The Afghan Taliban has not accepted Gulbuddin Hekmatyar as a mediator. The US tried for years to bring the Afghan Taliban on board but did not succeed. The QCG largely remained defunct for the same reason - Afghan Taliban refusing talks till US-NATO troops left Afghanistan. But that is not the only reason why the QCG was unsuccessful; US policy in Afghanistan remains ambiguous and China-Pakistan have their own strategic designs in Afghanistan, with Pakistan enlarging her strategic depth in Afghanistan through proxy forces and China backing Pakistan. Interestingly, according to a former DG ISI of Pakistan, US forces killed Mullah Mansour, former Afghan Taliban Chief because he wanted to join the reconciliation process - implying US Doesn't want the QCG to succeed. The US also remains lackadaisical to Pakistan exporting terror to Afghanistan and India. That leaves only Afghanistan within the QCG grouping on the receiving end. To this, end President Ashraf Ghani has no doubts about the insincerity of Pakistan. Pakistani media, therefore, claiming some sort of diplomatic win on the sidelines of the SCO summit is actually laughable. Getting back to the Ashraf Ghani-Nawaz Sharif bilateral meeting in Kazakhstan, Pakistani media says that Nawaz Sharif recounted the human and economic sacrifices made by Pakistan in fighting terrorism in the meeting, which revolved around terrorism-related issues faced by the two neighbouring nations, adding, "Prime Minister Sharif joined President Ghani in condemning the recent terror attacks, especially the wave of violence in Kabul following a truck bomber in [the] centre of the city last week resulting in loss of life and injury of hundreds of people." The report goes on to say PM Sharif reiterated Pakistan's commitment to peace and stability in Afghanistan. He mentioned Pakistan's efforts for peace, stability and economic progress of Afghanistan and in hosting millions of 'brotherly' Afghans who have been residing in Pakistan for the past 37 years.

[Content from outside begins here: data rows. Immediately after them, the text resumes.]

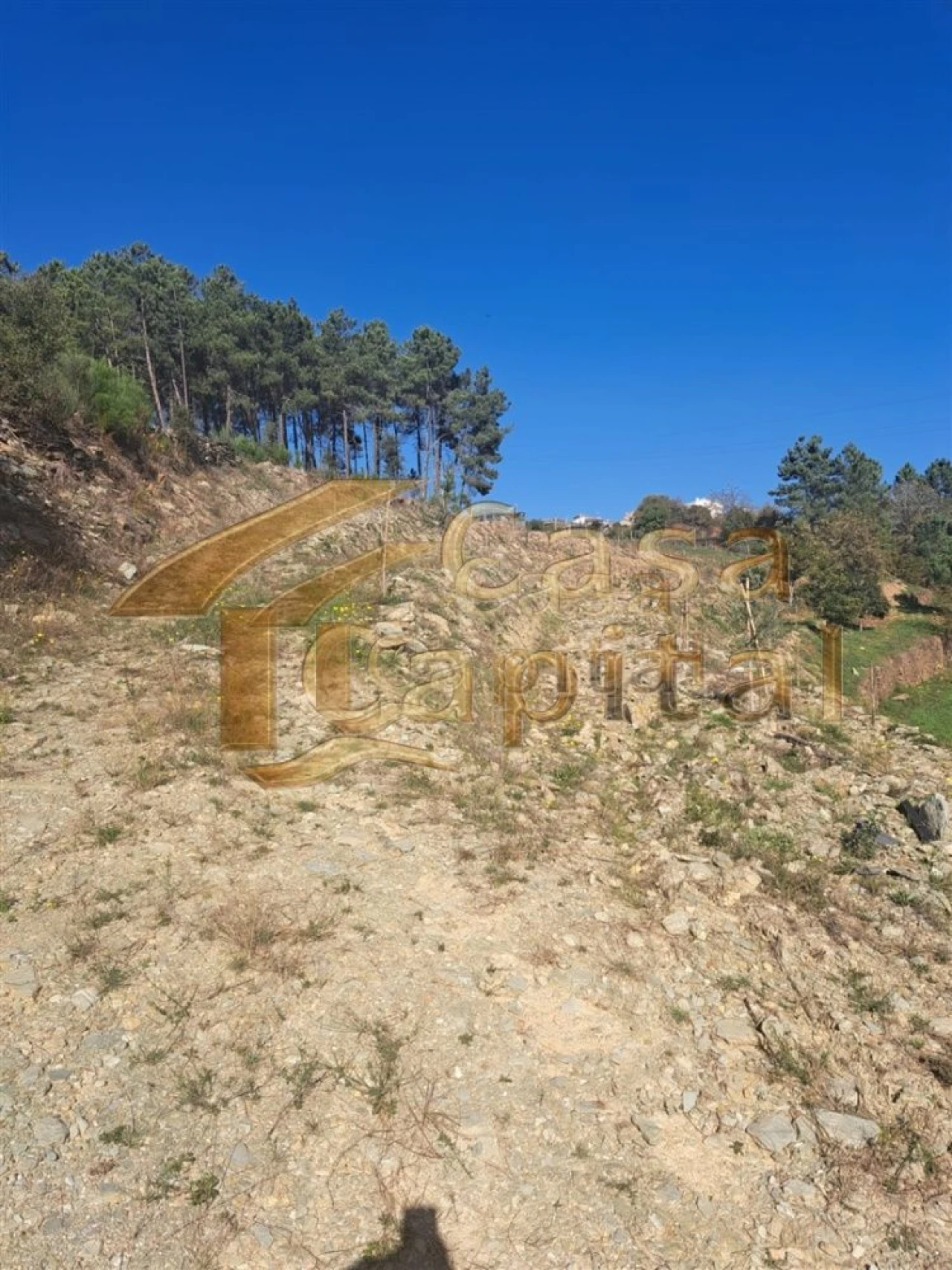 Quinta T0 para Venda em Andrães Foto 24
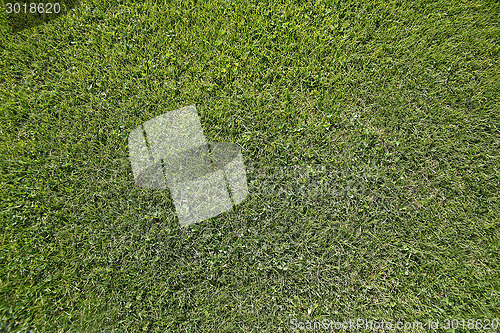 Image of Green field from above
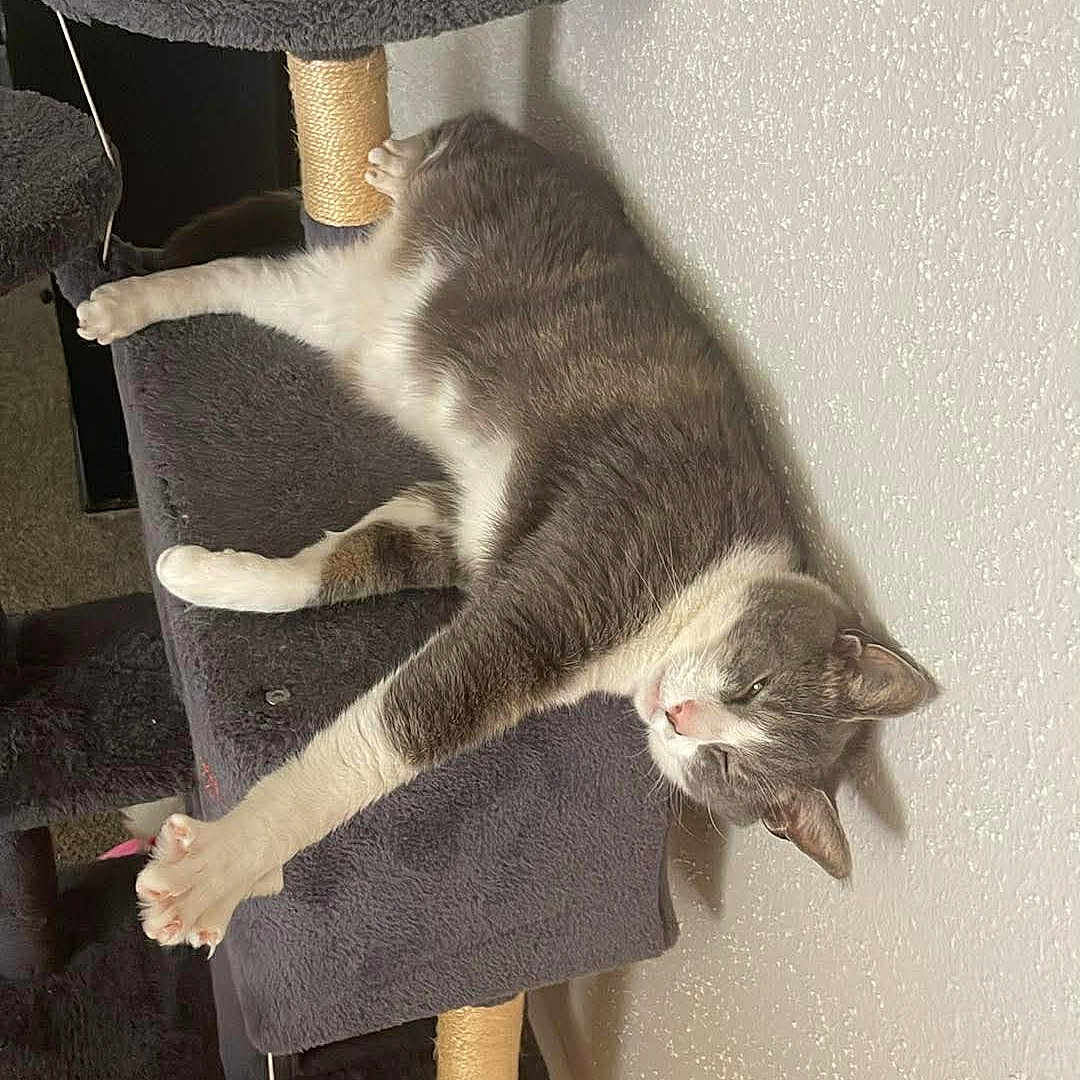 Misha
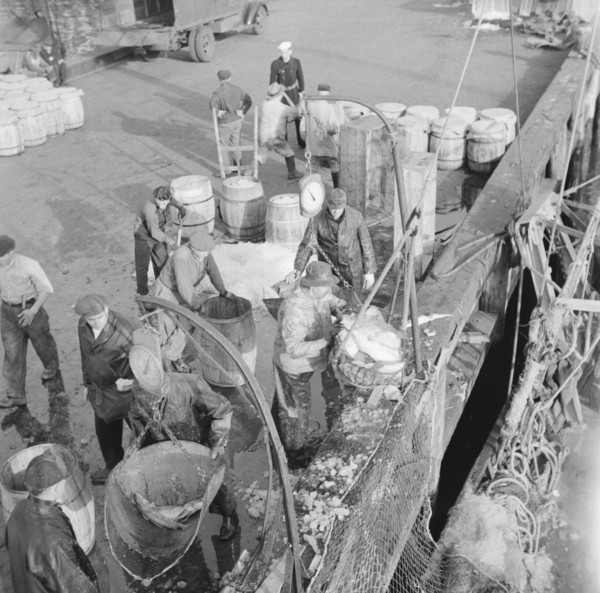 Dock stevedores at the Fulton fish market sending up baskets of fish..., New York, 1943. Creator: Gordon Parks.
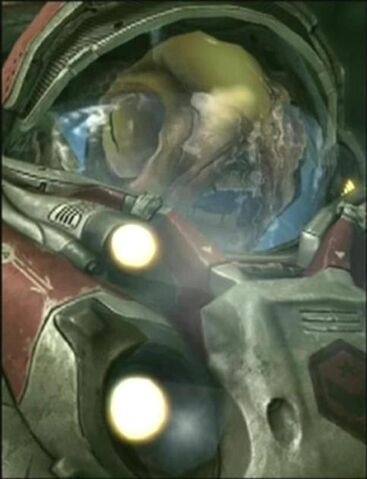 File:Grunty SC2 DevHead1.jpg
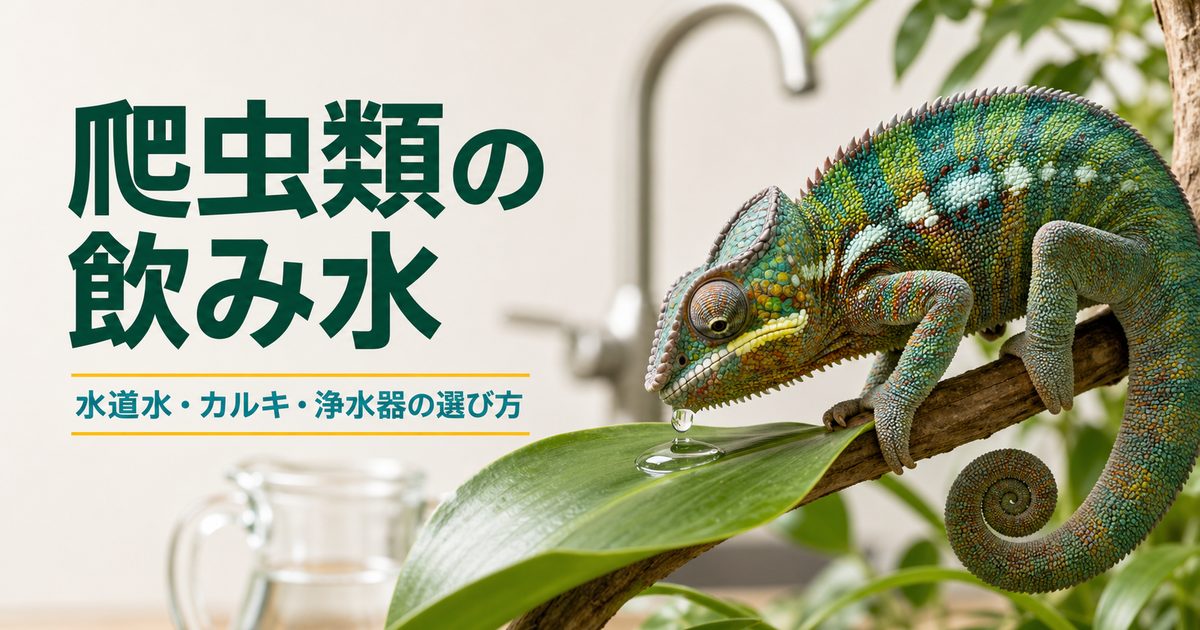 爬虫類の飲み水について水道水・カルキ・浄水器の選び方を示すアイキャッチ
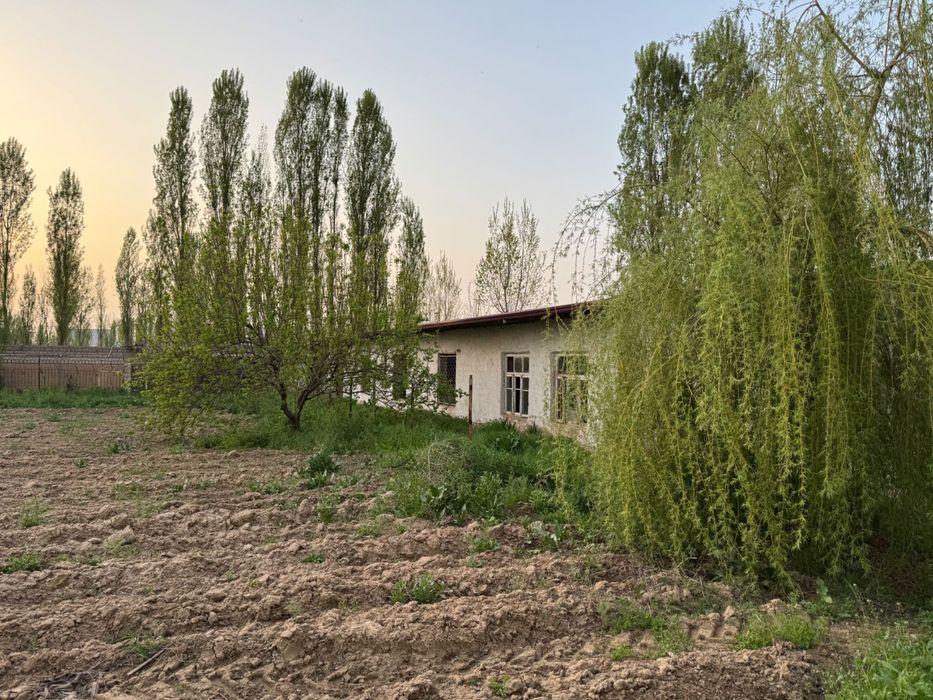 Yangiyolda 20 sotik ferma sotiladi hama sharoit bor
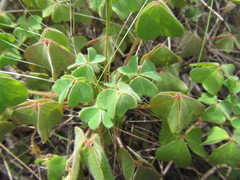 Oxalis lanata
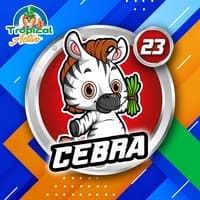 23 - CEBRA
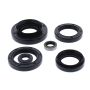 Vertex Pistons 822881 Vertex Gaskets 15-21 Kawasaki KVF750 Brute Force Oil Seal Kit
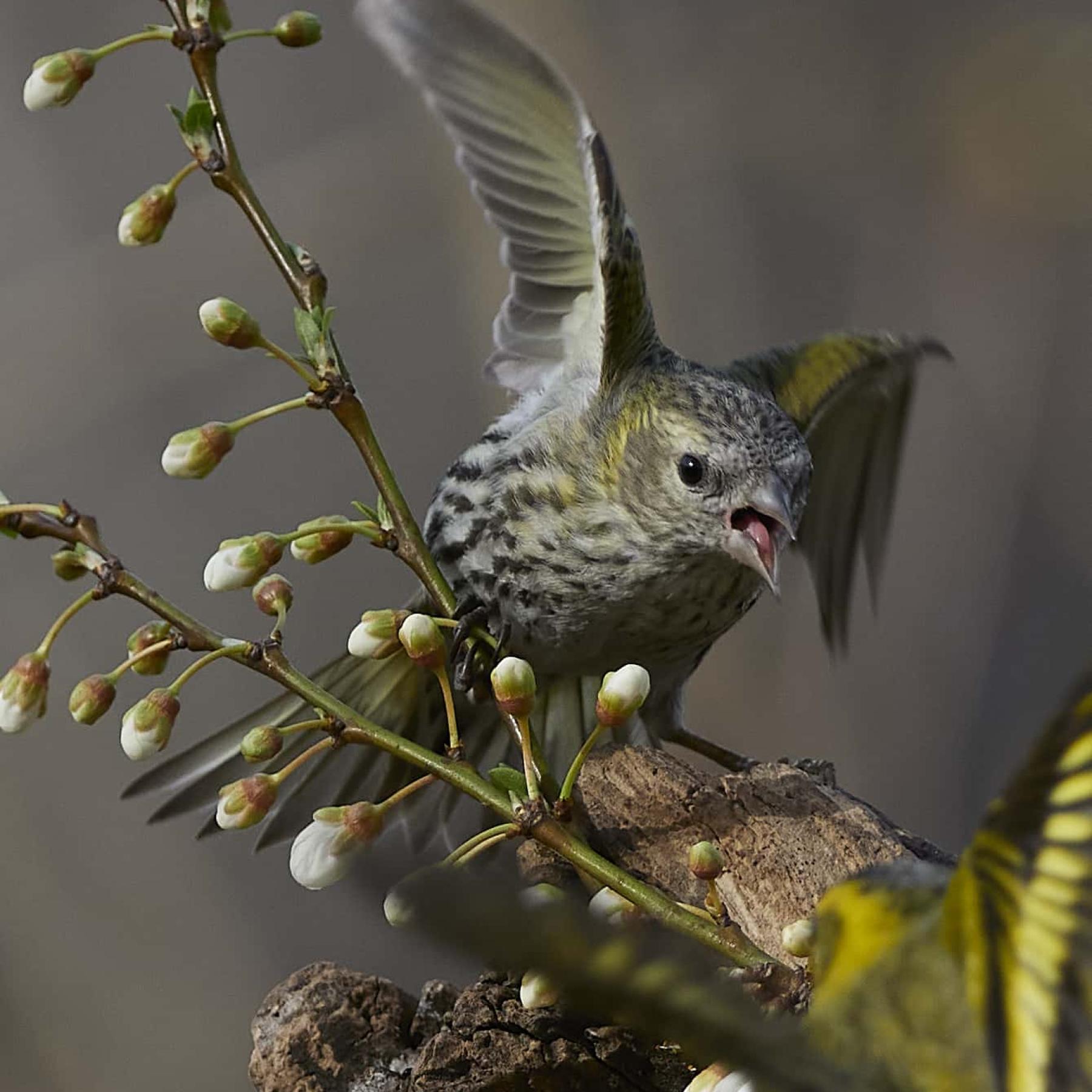 Eurasian Siskin (Spinus Spinus)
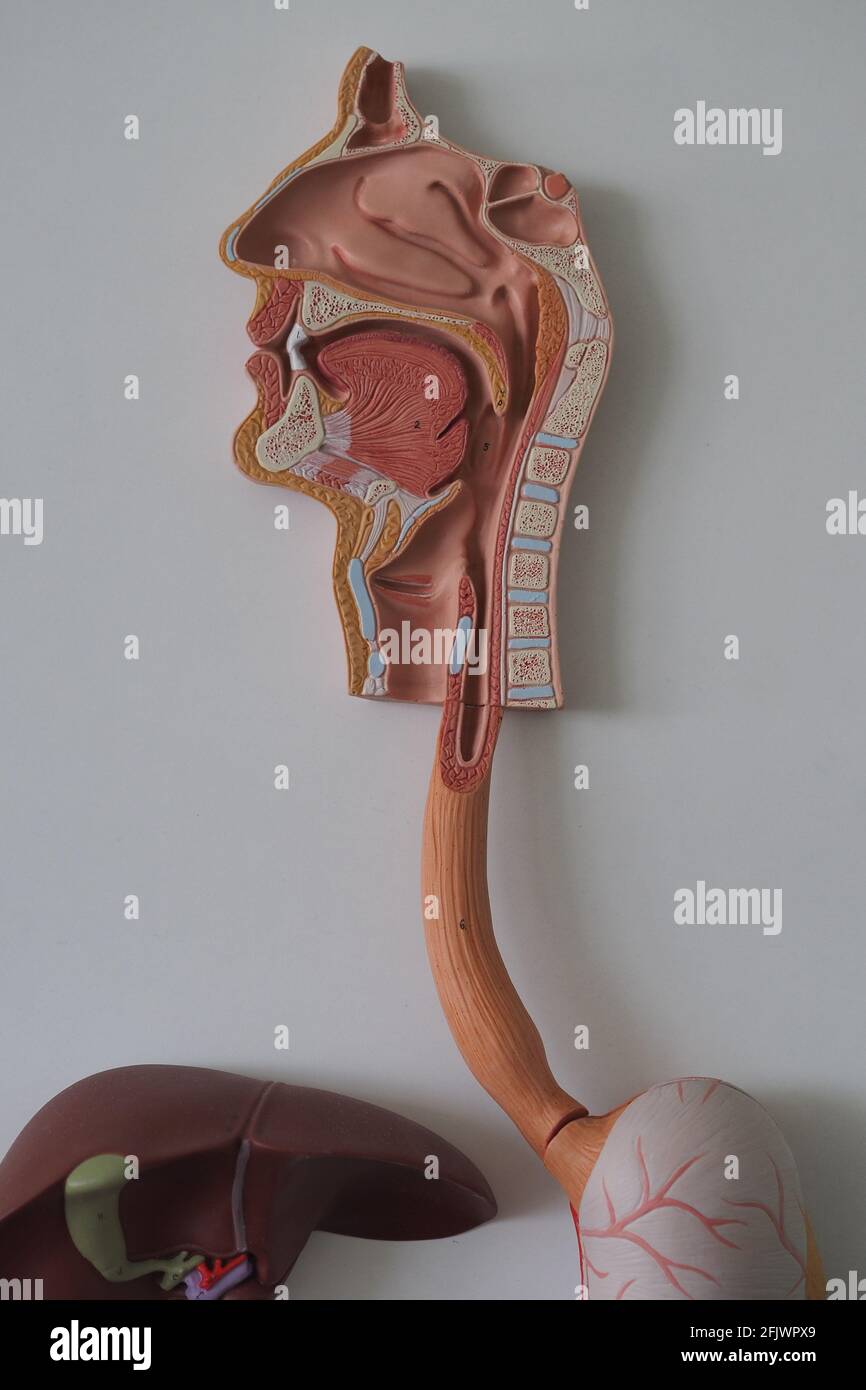 Bildungsmodell des menschlichen Verdauungssystems. Stockfoto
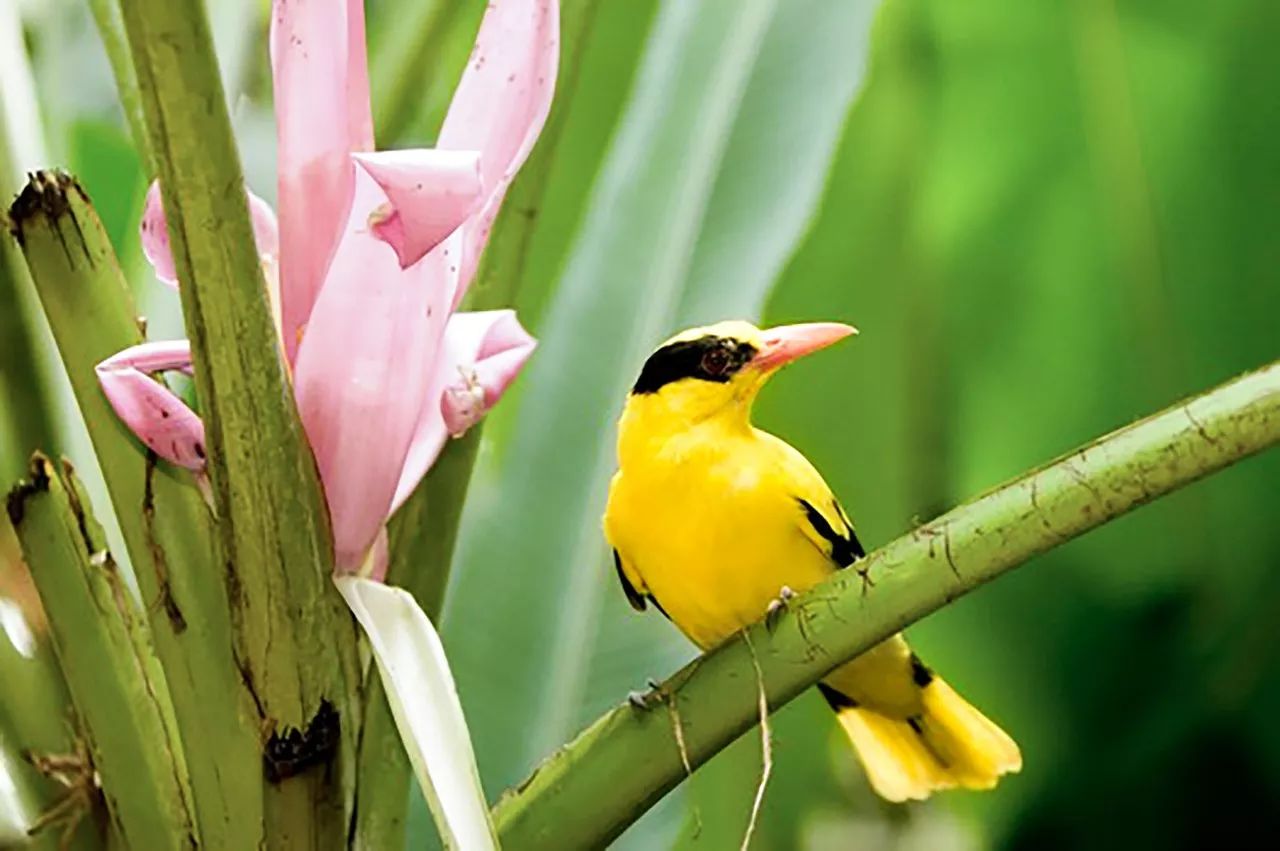 民俗驚蟄含義:驚蟄時(shí)節(jié)春雷一響萬物長(zhǎng)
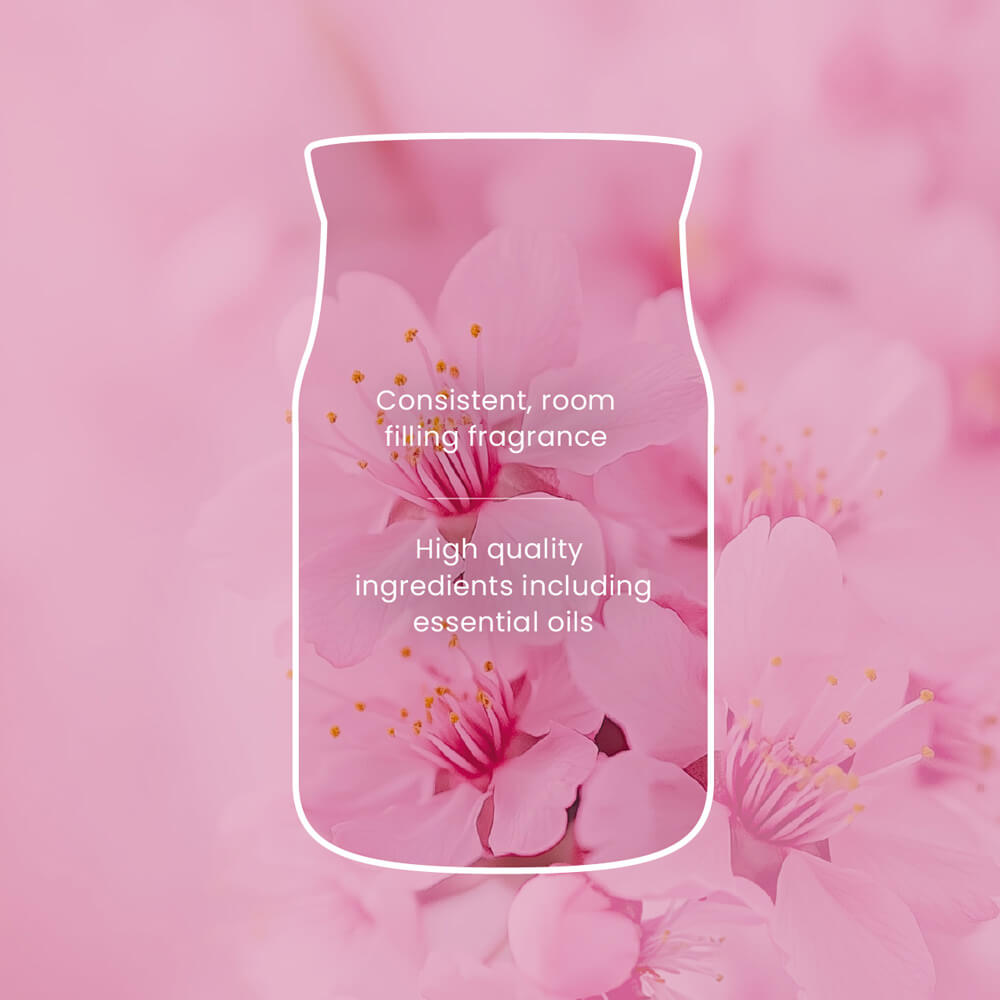 Enchanting Cherry Blossom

But most importantly why the QCG amounts to flogging a dead horse is because Pakistan will not stop exporting terrorism. Addressing a peace conference in Kabul on June 6, attended by foreign delegates from about two dozen countries, President Ghani accused Pakistan of instigating an "undeclared war of aggression" against his country after a series of deadly bombings in the capital Kabul in the past week. Afghanistan's National Directorate of Security (NDS) blamed the Taliban-allied Haqqani terrorist network for a bombing outside the diplomatic Green Zone in Kabul. The deadly truck bombing of May 31 was followed by three blasts on June 4 at a funeral attended by senior Afghan politicians, including Chief Executive Officer Abdullah Abdullah, who escaped unharmed. The Kabul government said the funeral was targeted by bombers trained at a seminary by Wahhabi zealots in Pakistan. Terror attacks are continuing in Afghanistan.